The United Nations (UN) is the meeting place for almost all of the world’s nation states - there are only four independent states which aren’t in the UN (Taiwan, Kosovo, Vatican City, Palestine).¹ It’s basically a forum for countries to talk, make decisions and take action on how to deal with global issues like war, climate change and world poverty.²
The United Nations was founded in 1945, essentially to maintain international peace and make sure we’d never fight another world war again. Since then, it’s expanded into a huge international organisation which sets the agenda on a whole range of issues from poverty (United Nations Development Programme) to trade (United Nations Conference on Trade and Development) to health (World Health Organisation).³
One of the most well-known things the UN did was set the Millennium Development Goals, a list of goals for the global economy to achieve within fifteen years. The most ambitious one – cutting poverty in half by 2015 – was achieved, according to the their reports.

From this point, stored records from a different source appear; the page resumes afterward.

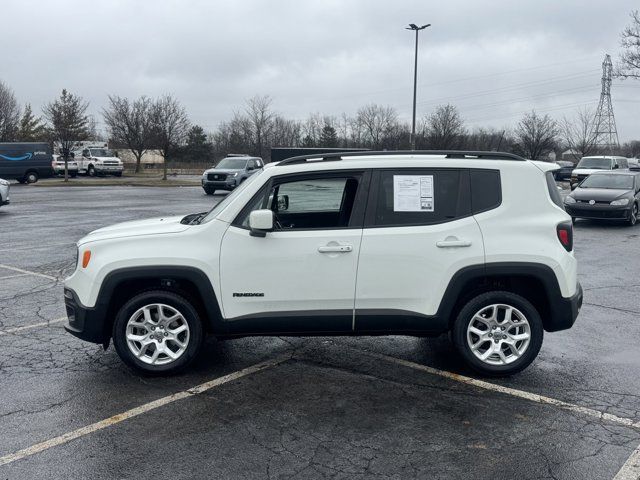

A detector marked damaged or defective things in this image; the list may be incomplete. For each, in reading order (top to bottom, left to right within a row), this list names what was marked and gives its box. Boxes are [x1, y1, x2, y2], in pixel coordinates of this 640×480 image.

cracked pavement [1, 185, 640, 480]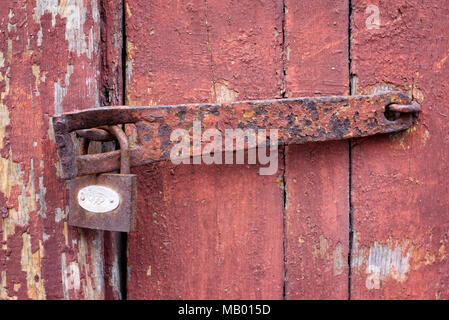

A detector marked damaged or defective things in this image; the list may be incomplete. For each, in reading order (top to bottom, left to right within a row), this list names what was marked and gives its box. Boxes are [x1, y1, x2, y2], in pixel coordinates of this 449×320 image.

rusty latch [53, 90, 420, 180]
rusty metal strap [53, 91, 420, 180]
rusty metal hasp [53, 92, 420, 180]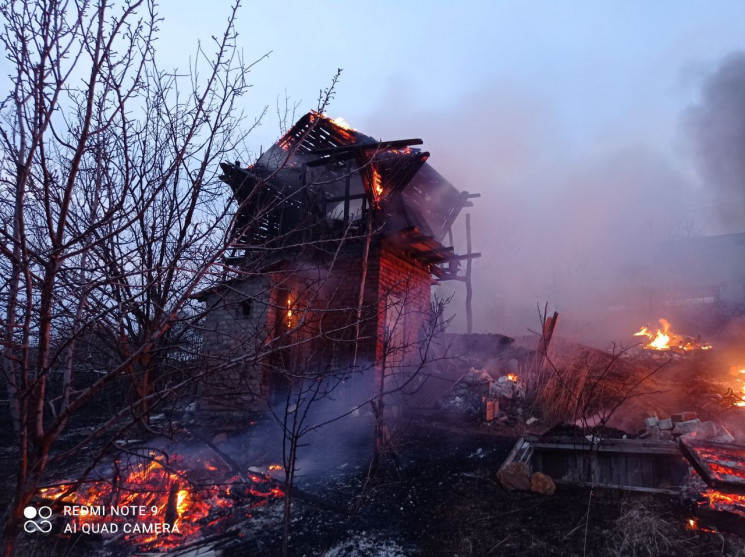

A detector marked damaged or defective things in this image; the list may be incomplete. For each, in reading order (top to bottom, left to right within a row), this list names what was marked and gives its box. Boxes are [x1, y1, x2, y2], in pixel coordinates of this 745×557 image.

fire damage [5, 114, 744, 556]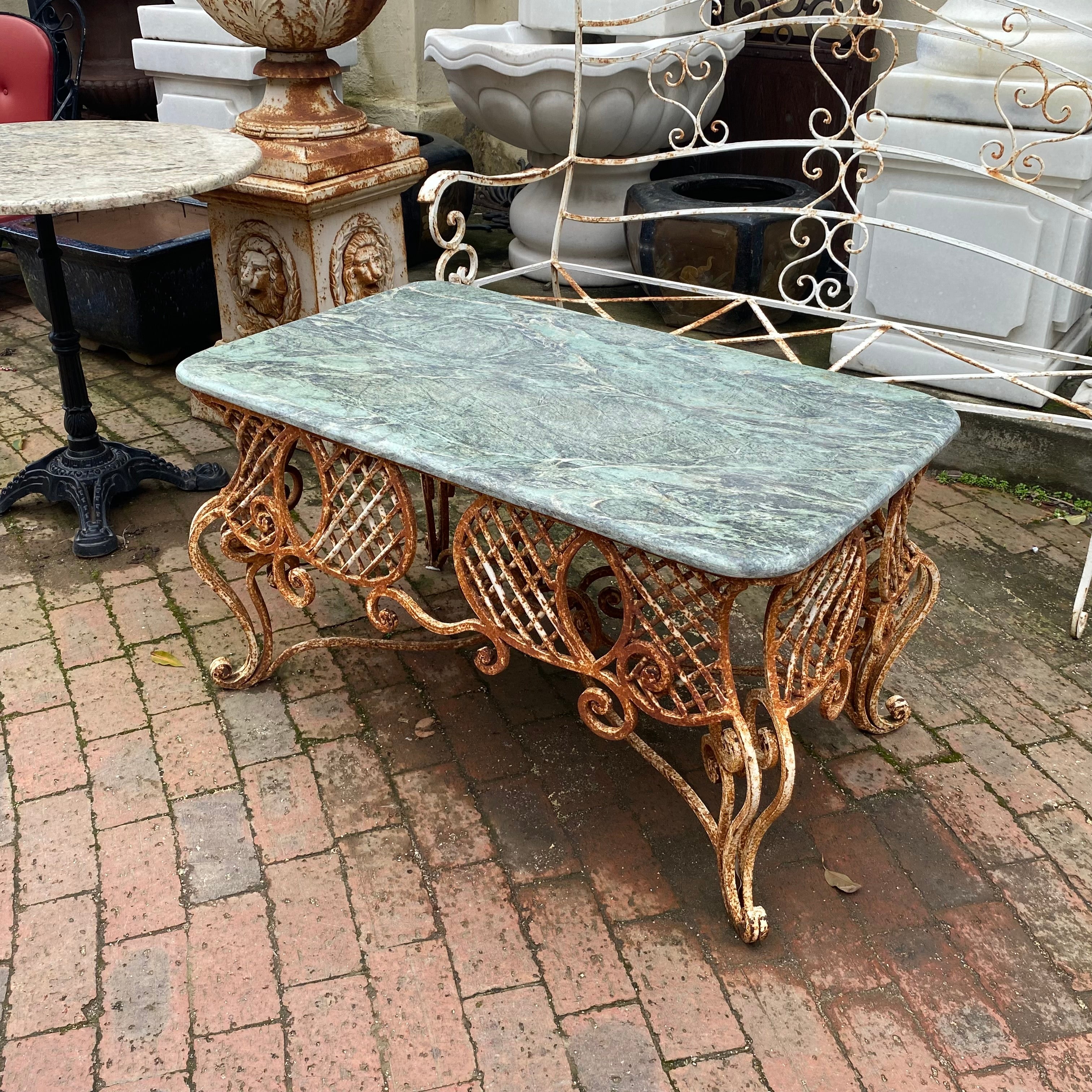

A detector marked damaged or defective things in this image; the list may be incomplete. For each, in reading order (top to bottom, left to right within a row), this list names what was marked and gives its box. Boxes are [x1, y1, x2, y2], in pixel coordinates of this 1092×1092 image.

rusted urn pedestal [194, 0, 424, 343]
rusty wrought iron base [190, 397, 939, 943]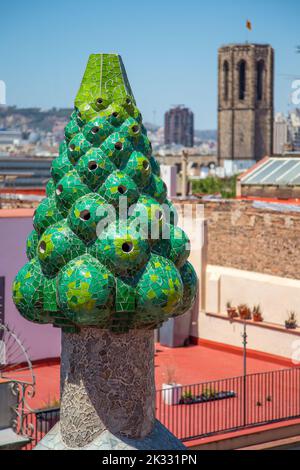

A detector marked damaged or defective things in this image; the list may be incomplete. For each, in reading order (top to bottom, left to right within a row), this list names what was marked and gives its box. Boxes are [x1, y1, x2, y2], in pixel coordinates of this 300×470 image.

broken tile mosaic surface [12, 53, 198, 332]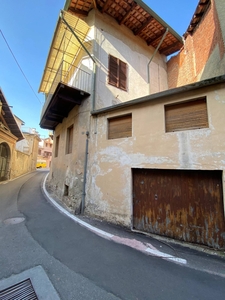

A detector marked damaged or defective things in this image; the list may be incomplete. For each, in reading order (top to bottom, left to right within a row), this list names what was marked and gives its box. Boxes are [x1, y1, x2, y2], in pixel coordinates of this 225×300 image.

rusty garage door [132, 169, 225, 248]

Another huge undertaking by the UN is the Universal Declaration of Human Rights - a list of thirty rights and freedoms that everybody in the world is entitled to, no matter who they are.⁴ A lot of economic ideas play into these rights: the right to economic security in terms of housing, food, water, and sanitation, for example, and the right to freely choose your employment and have protection against unemployment.⁵
In one sense, the UN has succeeded – we haven’t had another world war since it was created. But a lot of people criticise the organisation as inept, unequal and wasteful. Decision-making power within the UN is unequally distributed, particularly in its most powerful body, the Security Council, who make decisions on when it is right and legal to go to war. Only 5 countries permanently sit on the Council; the United States, the United Kingdom, France, Russia and China (the biggest victors of World War II in 1945.) These countries have a veto power, which means they can stop any vote, even if it has the support of the wider international community. For example, over the last 20 years, out of a total of 24 vetoes, 15 have been used by the USA to protect Israel.⁶
Managing 193 countries’ relationships is inevitably a bureaucratic task – another big criticism of the UN is that it’s too bureaucratic to be effective. It’s cost global governments almost half a trillion dollars already, and is currently spending $40 billion dollars a year.⁷ Some question whether this represents money well-spent.